(Available data):
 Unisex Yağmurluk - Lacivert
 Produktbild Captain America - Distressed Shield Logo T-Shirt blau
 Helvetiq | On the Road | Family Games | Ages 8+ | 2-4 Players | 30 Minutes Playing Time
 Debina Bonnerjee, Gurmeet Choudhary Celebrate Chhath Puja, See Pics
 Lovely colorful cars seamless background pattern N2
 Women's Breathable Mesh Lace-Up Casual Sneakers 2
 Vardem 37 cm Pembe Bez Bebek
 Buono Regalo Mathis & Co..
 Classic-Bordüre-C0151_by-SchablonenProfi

==

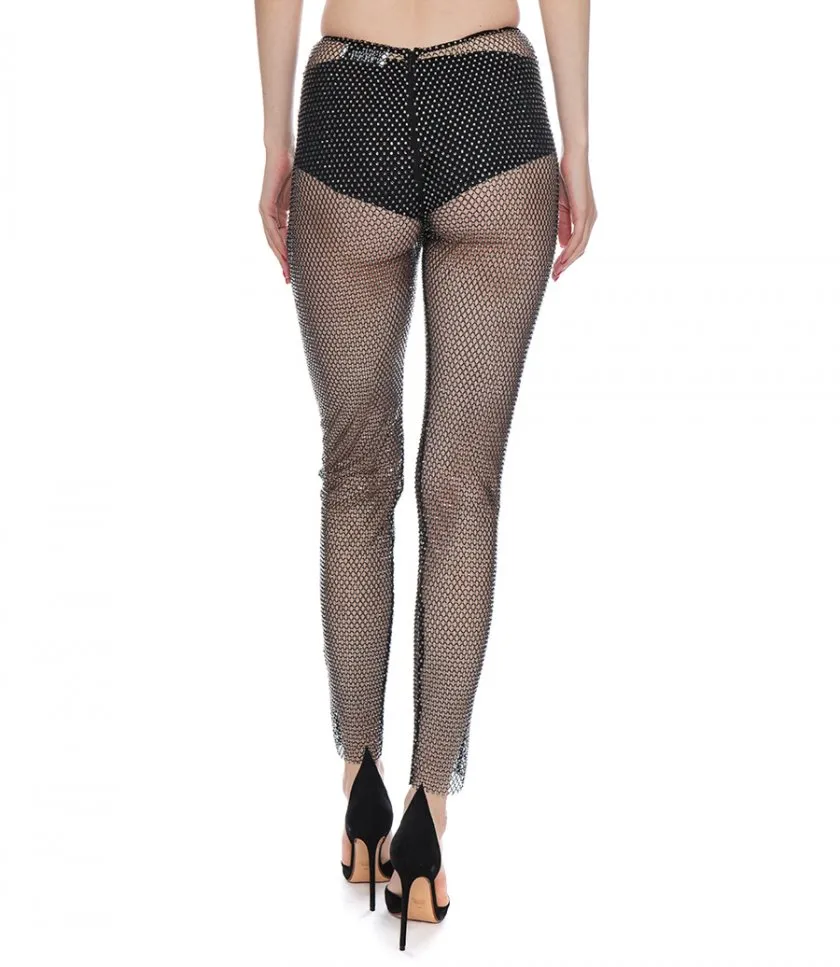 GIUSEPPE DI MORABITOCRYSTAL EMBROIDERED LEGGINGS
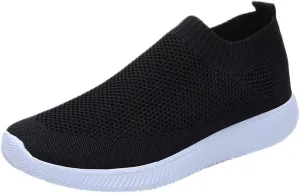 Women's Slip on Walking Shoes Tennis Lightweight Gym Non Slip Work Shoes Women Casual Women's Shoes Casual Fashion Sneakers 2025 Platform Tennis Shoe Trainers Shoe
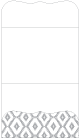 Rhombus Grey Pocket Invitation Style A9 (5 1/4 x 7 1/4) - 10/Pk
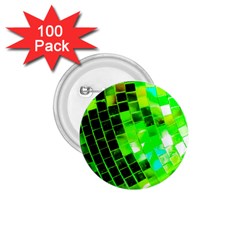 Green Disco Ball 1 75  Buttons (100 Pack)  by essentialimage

==

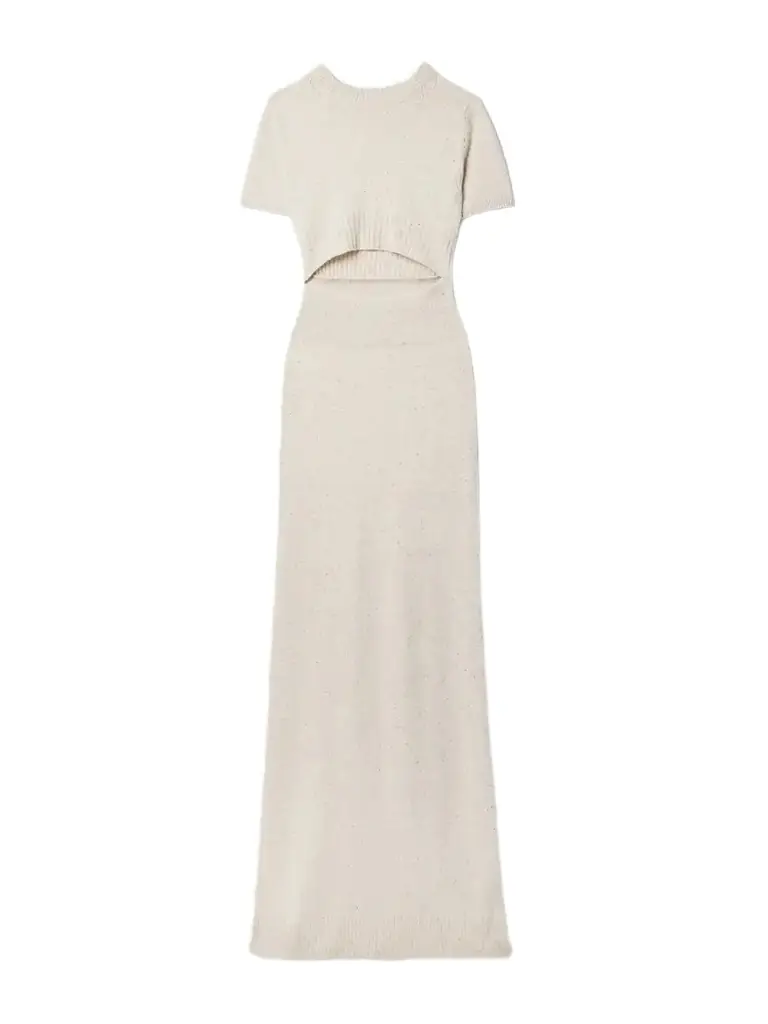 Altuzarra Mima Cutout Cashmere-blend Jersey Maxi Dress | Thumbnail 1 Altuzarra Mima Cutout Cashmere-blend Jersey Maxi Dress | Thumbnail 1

(Problem statement): From the line containing "Unisex Yağmurluk - Lacivert" down to the line containing "Classic-Bordür" in the material above, reproduce every line exactly, including the two end lines.

(Solution for this problem):
 Unisex Yağmurluk - Lacivert
 Produktbild Captain America - Distressed Shield Logo T-Shirt blau
 Helvetiq | On the Road | Family Games | Ages 8+ | 2-4 Players | 30 Minutes Playing Time
 Debina Bonnerjee, Gurmeet Choudhary Celebrate Chhath Puja, See Pics
 Lovely colorful cars seamless background pattern N2
 Women's Breathable Mesh Lace-Up Casual Sneakers 2
 Vardem 37 cm Pembe Bez Bebek
 Buono Regalo Mathis & Co..
 Classic-Bordüre-C0151_by-SchablonenProfi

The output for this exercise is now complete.